CAIRO (Reuters) – An explosion hit a gas pipeline running from Egypt to Israel Sunday, witnesses and state television reported.
The pipeline, which also supplies gas to Jordan, has come under attack at least 12 times since Egyptian president Hosni Mubarak was toppled in 2011.
The latest blast took place in the Massaeed area west of the Mediterranean coastal town of al-Arish. Gas pumping was stopped after the explosion.
Residents in al-Arish told Reuters they could see flames from their town. Security forces and fire trucks raced to the scene, witnesses said.
Security in Sinai loosened after Mubarak’s fall as the police presence thinned out across Egypt.

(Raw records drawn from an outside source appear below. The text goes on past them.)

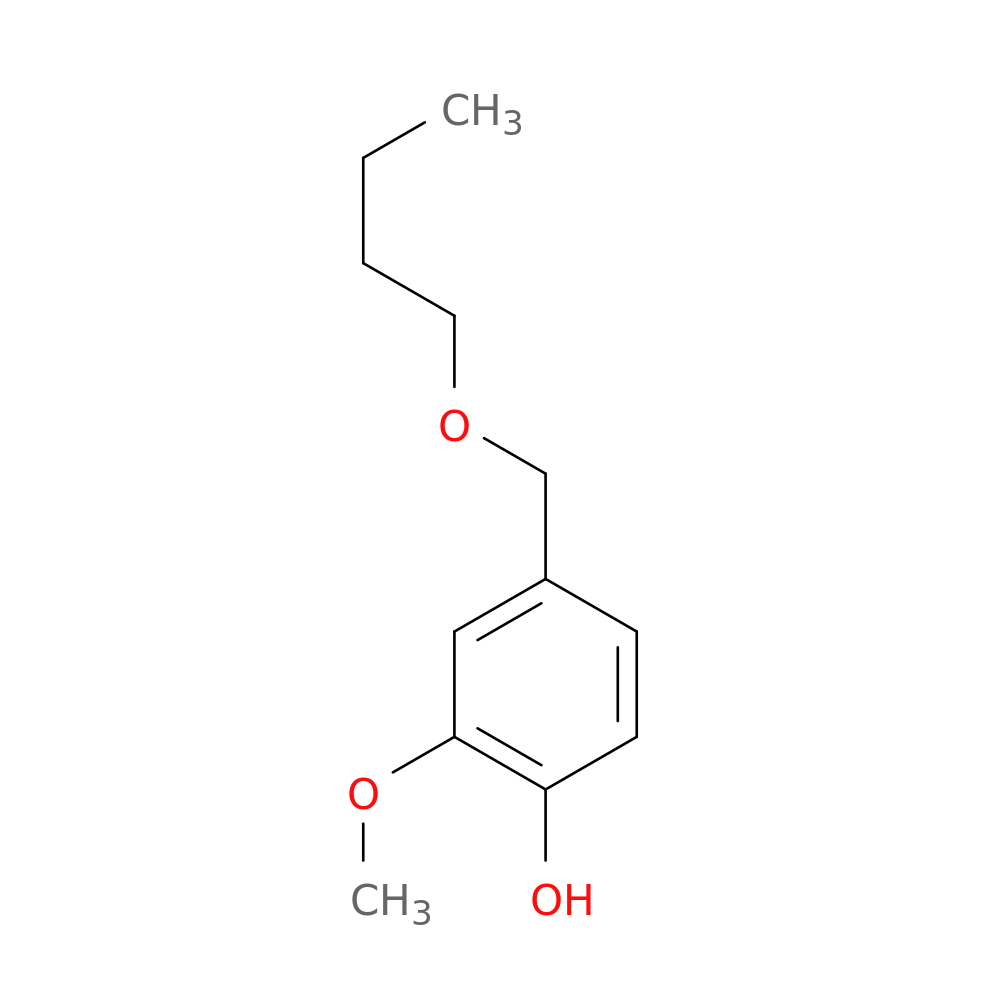 4-(Butoxymethyl)-2-methoxyphenol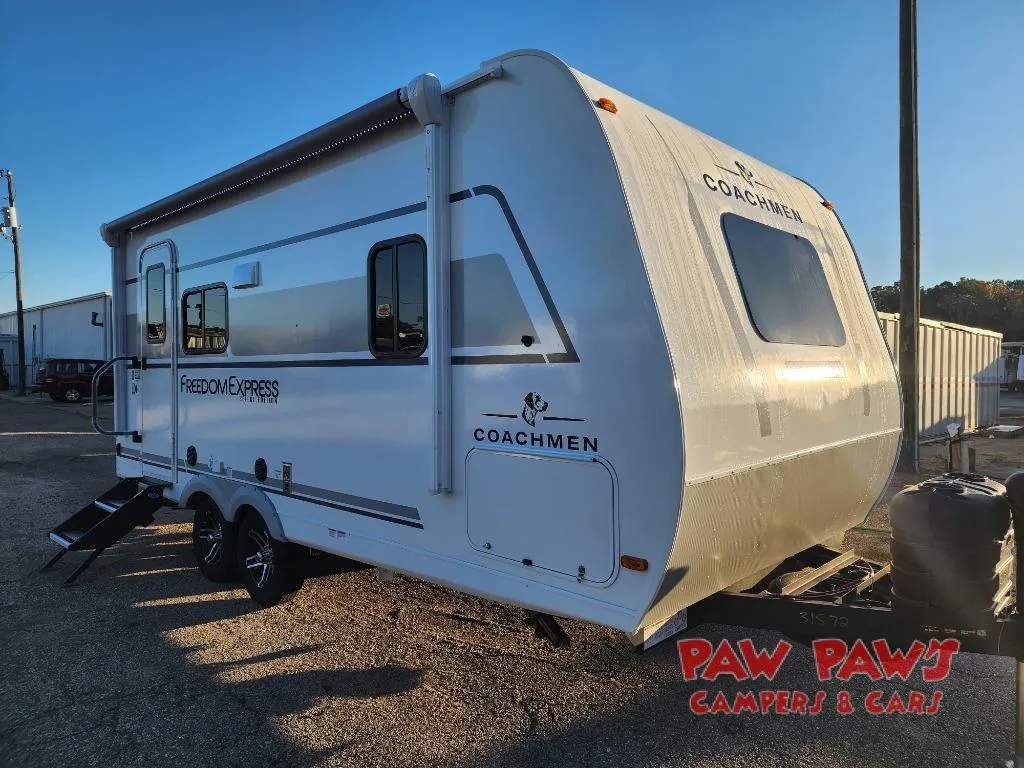2026 Coachmen Freedom Express Select 19SE - Photo 2
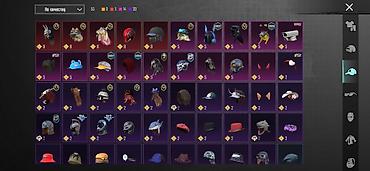 Другая женская одежда: Игровой аккаунт PUBG Mobile Состав и особенности: - Уровень профиля — 8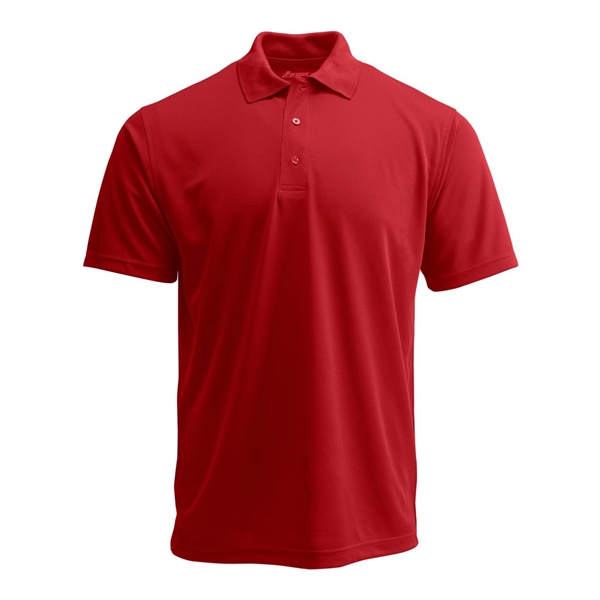 Paragon Youth Saratoga Performance Mini Mesh Polo - Paragon Youth Saratoga Performance Mini Mesh Polo - Image 7 of 39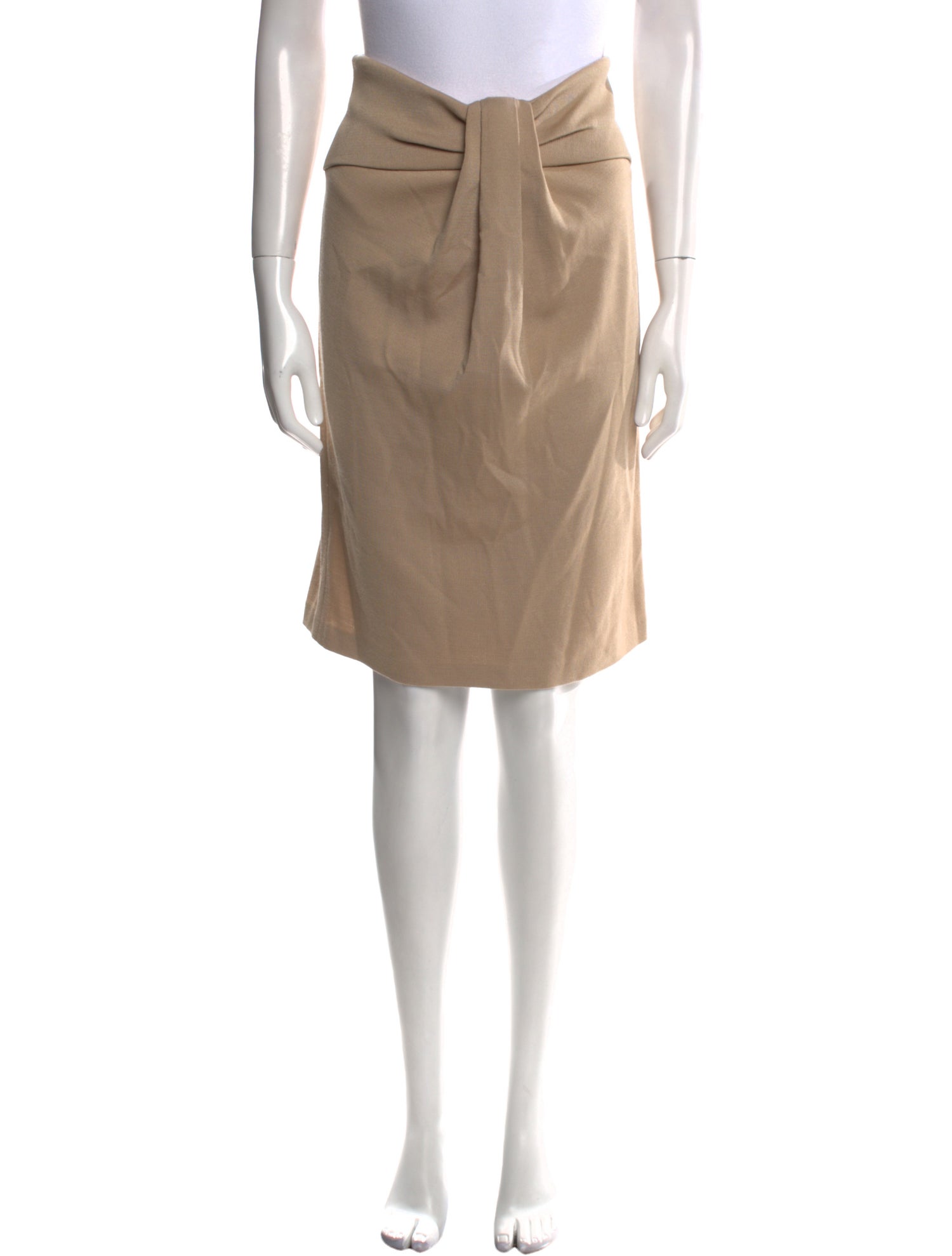 St. John Knee-Length Skirt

Egypt’s 20-year gas deal with Israel, signed in the Mubarak era, is unpopular with some Egyptians, with critics accusing Israel of not paying enough for the gas.
Previous explosions have sometimes led to weeks-long shutdowns along the pipeline, run by Egypt’s gas transport company Gasco, a subsidiary of the national gas company EGAS.
Egypt said in November it would tighten security measures along the pipeline by installing alarm devices and recruiting security patrols from Bedouin tribesmen in the area.
Sinai has long been a restive area, where Bedouins complain of government neglect. It hosts several Red Sea resorts with five-star hotels, but Bedouins say they do not see the benefits.
Egypt doubled the gas price for Jordan in October. Jordan said Monday it would raise electricity prices as of February to cover the rising burden of imported fuel costs after loss of regular Egyptian gas supplies.